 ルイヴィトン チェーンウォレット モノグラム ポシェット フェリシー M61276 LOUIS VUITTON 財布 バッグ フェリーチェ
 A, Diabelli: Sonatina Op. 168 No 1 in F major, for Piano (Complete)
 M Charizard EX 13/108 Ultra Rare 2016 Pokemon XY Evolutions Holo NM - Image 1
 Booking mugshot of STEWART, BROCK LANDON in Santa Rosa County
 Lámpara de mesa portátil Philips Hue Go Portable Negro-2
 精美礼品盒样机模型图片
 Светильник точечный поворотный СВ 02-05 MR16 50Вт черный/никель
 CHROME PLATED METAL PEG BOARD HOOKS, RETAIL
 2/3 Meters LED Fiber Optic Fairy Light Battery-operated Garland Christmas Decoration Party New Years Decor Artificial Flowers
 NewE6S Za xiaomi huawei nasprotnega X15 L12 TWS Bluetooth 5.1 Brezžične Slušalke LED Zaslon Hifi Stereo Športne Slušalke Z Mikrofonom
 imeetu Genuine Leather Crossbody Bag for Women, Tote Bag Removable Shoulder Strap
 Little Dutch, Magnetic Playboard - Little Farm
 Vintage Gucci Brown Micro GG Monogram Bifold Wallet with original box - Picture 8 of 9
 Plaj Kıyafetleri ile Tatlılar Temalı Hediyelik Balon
○ ○ ○ ○
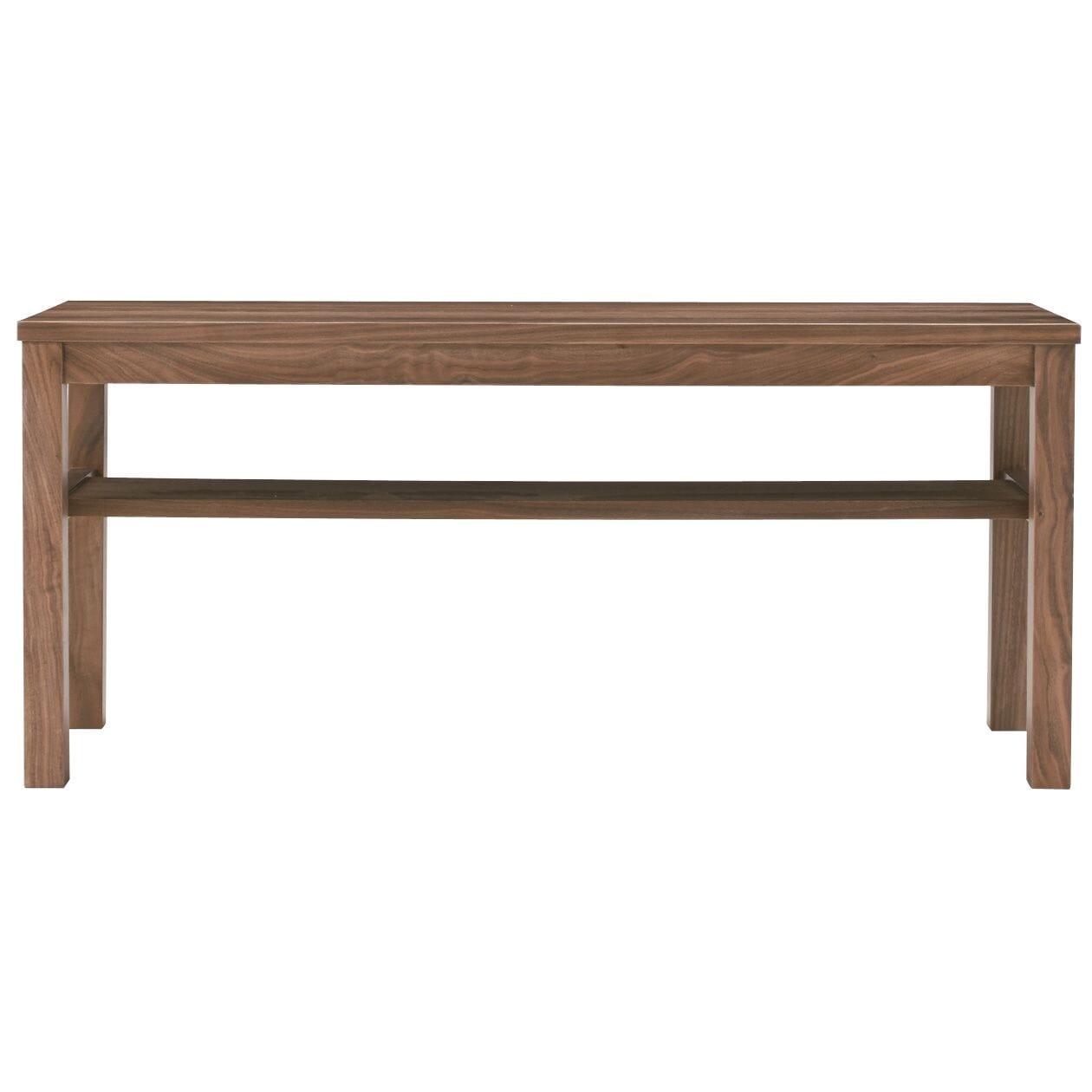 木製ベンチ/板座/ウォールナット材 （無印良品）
○ ○ ○ ○
The answer is the lines above between the line holding "Lámpara de mesa" and the line holding "Little Dutch, Magnetic", inclusive, each written out exactly, and no others.

 Lámpara de mesa portátil Philips Hue Go Portable Negro-2
 精美礼品盒样机模型图片
 Светильник точечный поворотный СВ 02-05 MR16 50Вт черный/никель
 CHROME PLATED METAL PEG BOARD HOOKS, RETAIL
 2/3 Meters LED Fiber Optic Fairy Light Battery-operated Garland Christmas Decoration Party New Years Decor Artificial Flowers
 NewE6S Za xiaomi huawei nasprotnega X15 L12 TWS Bluetooth 5.1 Brezžične Slušalke LED Zaslon Hifi Stereo Športne Slušalke Z Mikrofonom
 imeetu Genuine Leather Crossbody Bag for Women, Tote Bag Removable Shoulder Strap
 Little Dutch, Magnetic Playboard - Little Farm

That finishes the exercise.